С того и началась наша дружба. Не во всем были согласны друг с другом, порой ругались отчаянно. А после вместе шли обедать. Он не просто помогал как друг, что, в общем-то, дело обыкновенное. Он дважды спас меня в роковых обстоятельствах.

Газеты жили как под дамокловым мечом областного комитета (обкома). Нашу "Молодежку" особенно в обкоме ненавидели. Мы не по указке обкома жили. Секретарь по идеологии утро начинал с ее просмотра. В главном поймать не могли, но за пустяки цеплялись. Немало голов слетело. Моя сотрудница в одном лишь абзаце высказала "вредную" мысль, что большая общественная работа активистов мешает учебе. Нынче непонятно, как к этому можно придраться. Но собралось бюро обкома комсомола, человек пятьдесят, вызвали меня. И после разгромных речей постановили уволить за искажение политики партии. Увольнения такого рода не были редкостью. Много хороших людей покинуло таким образом "Молодежку". Но я устояла. Без помощи Бориса мне бы это не удалось. Две недели я продолжала ходить в редакцию. Полдня разбирала бумаги, после мы шли обедать, в кино, в парк, просто гуляли. Он не оставлял меня все эти дни, когда многие близкие люди избегали со мной встречаться. Мы написали письмо в журнал "Журналист", его редактировал Егор Яковлев, защитивший многих журналистов. Увез письмо в Москву Валентин Распутин. По почте бы не дошло. Борис нашел юриста, который помог написать заявление в суд. Ведь увольнение было незаконным. По звонку из Москвы обком вынужден был создать комиссию, и после долгих разговоров и вызовов в разные кабинеты меня в редакции восстановили.
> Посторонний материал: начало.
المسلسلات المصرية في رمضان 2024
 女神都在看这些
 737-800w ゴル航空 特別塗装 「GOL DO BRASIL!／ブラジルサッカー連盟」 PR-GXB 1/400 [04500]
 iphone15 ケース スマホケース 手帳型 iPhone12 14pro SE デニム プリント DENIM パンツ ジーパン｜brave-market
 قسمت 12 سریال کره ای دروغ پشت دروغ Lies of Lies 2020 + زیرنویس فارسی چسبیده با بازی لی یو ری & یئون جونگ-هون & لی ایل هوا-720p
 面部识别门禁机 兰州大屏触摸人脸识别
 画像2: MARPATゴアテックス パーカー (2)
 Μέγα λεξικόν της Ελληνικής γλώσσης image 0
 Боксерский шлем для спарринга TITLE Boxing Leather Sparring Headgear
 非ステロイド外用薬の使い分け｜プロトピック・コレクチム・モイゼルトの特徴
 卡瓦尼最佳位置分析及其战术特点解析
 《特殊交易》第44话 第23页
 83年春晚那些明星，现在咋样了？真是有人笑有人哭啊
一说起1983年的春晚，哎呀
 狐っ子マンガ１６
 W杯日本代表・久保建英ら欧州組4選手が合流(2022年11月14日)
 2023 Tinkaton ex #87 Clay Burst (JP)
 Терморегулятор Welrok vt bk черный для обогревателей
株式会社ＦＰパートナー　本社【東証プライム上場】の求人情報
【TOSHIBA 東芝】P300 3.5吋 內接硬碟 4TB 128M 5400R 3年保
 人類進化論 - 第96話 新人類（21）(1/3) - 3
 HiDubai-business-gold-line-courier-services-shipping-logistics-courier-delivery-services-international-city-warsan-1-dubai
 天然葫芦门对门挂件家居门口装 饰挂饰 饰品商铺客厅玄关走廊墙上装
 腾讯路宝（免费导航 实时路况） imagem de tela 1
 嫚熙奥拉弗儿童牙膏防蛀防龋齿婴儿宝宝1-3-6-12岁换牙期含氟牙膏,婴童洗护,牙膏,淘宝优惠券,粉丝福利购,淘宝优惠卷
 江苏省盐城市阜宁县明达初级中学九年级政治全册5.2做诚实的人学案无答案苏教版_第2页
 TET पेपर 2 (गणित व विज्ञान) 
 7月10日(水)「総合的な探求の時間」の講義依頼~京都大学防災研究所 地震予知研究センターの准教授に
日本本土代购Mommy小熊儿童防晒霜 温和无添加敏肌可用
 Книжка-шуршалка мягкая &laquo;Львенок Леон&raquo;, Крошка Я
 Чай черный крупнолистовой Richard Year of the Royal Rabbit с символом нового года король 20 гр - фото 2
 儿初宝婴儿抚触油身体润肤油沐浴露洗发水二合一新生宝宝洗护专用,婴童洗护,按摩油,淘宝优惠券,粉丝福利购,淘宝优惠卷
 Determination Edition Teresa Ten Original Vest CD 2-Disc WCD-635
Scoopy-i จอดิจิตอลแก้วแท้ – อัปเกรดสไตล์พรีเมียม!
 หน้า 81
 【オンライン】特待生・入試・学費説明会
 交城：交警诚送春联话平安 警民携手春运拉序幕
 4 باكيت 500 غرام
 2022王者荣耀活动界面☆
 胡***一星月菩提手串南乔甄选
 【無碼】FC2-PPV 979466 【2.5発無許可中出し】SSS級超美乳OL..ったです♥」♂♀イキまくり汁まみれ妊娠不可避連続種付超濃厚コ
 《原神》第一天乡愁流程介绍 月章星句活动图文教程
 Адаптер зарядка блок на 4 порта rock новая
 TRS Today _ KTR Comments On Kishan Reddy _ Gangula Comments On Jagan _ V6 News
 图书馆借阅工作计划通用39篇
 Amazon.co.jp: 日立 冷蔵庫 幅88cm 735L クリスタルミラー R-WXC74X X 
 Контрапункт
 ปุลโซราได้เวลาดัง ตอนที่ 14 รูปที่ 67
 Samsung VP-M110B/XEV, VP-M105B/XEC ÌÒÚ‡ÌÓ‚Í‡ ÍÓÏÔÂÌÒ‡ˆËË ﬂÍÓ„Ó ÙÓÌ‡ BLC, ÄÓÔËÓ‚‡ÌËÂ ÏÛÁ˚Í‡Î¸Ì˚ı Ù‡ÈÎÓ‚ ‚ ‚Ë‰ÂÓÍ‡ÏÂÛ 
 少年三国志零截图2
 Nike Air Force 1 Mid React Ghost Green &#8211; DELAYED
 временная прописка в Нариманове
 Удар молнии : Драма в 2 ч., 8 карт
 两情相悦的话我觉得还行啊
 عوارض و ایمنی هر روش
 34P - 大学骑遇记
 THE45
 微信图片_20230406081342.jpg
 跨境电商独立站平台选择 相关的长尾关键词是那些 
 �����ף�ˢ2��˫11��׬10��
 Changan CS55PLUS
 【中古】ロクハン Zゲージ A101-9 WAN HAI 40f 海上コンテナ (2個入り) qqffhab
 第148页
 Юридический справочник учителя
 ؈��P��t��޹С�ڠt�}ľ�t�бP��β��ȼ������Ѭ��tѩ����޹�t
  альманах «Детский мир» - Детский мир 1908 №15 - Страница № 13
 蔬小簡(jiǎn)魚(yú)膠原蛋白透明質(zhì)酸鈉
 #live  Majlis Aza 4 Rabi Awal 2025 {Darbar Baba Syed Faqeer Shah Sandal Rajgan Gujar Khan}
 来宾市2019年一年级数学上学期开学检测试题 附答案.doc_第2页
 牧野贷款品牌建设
И еще. Группа журналистов наших, иркутских, работала в Узбекистане, в Зарафшане - городе, возникшем в самом центре пустыни. Мы открыли там газету, но вскоре поняли, что оставаться там нельзя. Постепенно иркутяне возвращались на родину, я осталась редактировать газету. Утром улетел редактор, в обед запил ответственный секретарь. Я от огорчения заболела. Звоню в Иркутск Борису: "Приезжай!" - "Не могу, книга идет". Книга идет - значит, всякий день бывать в издательстве. Но подумал минуту: "Ладно, вылетаю". В этот самый тяжкий месяц моего редакторства он спас меня и газету.

С ним и семья моя подружилась. Его узнали и полюбили в золотом Зарафшане. Более близкого и верного друга у меня не было.